There are actually three ways to reach Sagada from Manila. The Manila-Baguio-Sagada route via Victory Liner buses, the Manila-Bontoc-Sagada route via the Cable Tours or Kasilen Transport buses, and the Manila-Banaue-Bontoc-Sagada route via Autobus or Florida Bus lines.
I chose the most convenient of the three, the Manila-Baguio-Sagada route by Victory Liner as this was my first time to visit the place and I really don’t want to complicate matters by getting lost.
After my brief rendezvous with one of my most favorite city, Baguio, I immediately headed out to the Dangwa station to catch my ride to Sagada.
Thinking I still have quite a bit of time, I was really not in a hurry. Much was my surprise then when I arrived at the Lizardo Bus station. The line for Sagada was already snaking its way into a long queue. It took me half an hour to get a ticket and another twenty before the bus finally departed at 8:15 in the morning.
There are no aircon buses to Sagada. This might be due to the weather there already being cold. It’s also nice for photographers, as shooting through the glassless windows would be no hassle at all. A window seat is a must for a ride to Sagada and fortunately, a window seat I got.
From the City of Pines, it took me another six zigzagging hours to reach Mountain Province’s jewel town. The bus wound through two-laned mountain roads, most were paved but there were still a few patches of dirt roads here and there. I can just imagine how hard driving must be at this place during the rainy season. There were quite a few landslides our bus passed by.
The view through most of the trip was very scenic. However, altitude-fearing people might do well to take the inner seats for the sheer drop at the side of the roads reaches to dizzying heights. We actually passed the highest point in our country’s road system at the Philippine Pali. I wanted to take some photos but our bus just went on like it was nothing.
The first stopover was at Atok. My iPhone GPS was conking out and I cannot get a decent internet connection at all, my only resource then was my seatmate, a Sagada local. He also informed me as I was quizzing him about our stopover that I should have my lunch right there, as it would be the last one where we can get a full meal before Sagada.
Our next stop however, was quite unexpected. One of our back tires blew up at around noon. Good thing we have double tires at the rear or we could have been in real trouble. The rest of my trip was spent snapping one-offs at the sceneries and partly dozing off.

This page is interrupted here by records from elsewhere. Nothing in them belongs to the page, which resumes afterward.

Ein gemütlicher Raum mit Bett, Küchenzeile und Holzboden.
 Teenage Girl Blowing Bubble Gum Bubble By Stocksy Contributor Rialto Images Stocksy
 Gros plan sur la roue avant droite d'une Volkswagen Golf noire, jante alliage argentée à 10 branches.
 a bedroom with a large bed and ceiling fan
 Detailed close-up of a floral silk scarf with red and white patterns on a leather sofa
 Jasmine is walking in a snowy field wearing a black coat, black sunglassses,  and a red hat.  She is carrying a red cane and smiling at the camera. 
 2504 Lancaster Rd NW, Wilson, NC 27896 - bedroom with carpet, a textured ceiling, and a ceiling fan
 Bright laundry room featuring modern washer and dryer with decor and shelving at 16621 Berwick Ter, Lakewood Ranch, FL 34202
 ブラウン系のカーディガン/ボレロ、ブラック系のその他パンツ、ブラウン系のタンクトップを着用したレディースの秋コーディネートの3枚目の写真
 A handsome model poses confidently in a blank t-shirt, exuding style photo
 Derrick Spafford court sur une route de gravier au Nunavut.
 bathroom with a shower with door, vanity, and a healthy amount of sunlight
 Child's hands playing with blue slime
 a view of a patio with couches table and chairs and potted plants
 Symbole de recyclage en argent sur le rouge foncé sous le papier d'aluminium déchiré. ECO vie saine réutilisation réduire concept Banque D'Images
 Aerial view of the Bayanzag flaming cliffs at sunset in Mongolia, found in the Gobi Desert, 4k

After a while, the paved roads ended and a sign reading Sagada finally came to view. The entrance to this town looks as magical as its reputation. A single winding dirtroad climbing ever upwards with towering pine trees and low foliage coated with golden dusts along its road sides. Craggy rock formations can be seen hinting of the massive cave networks underneath this sleepy town.
After journeying fifteen hours from the metro, finally, Shangri-La.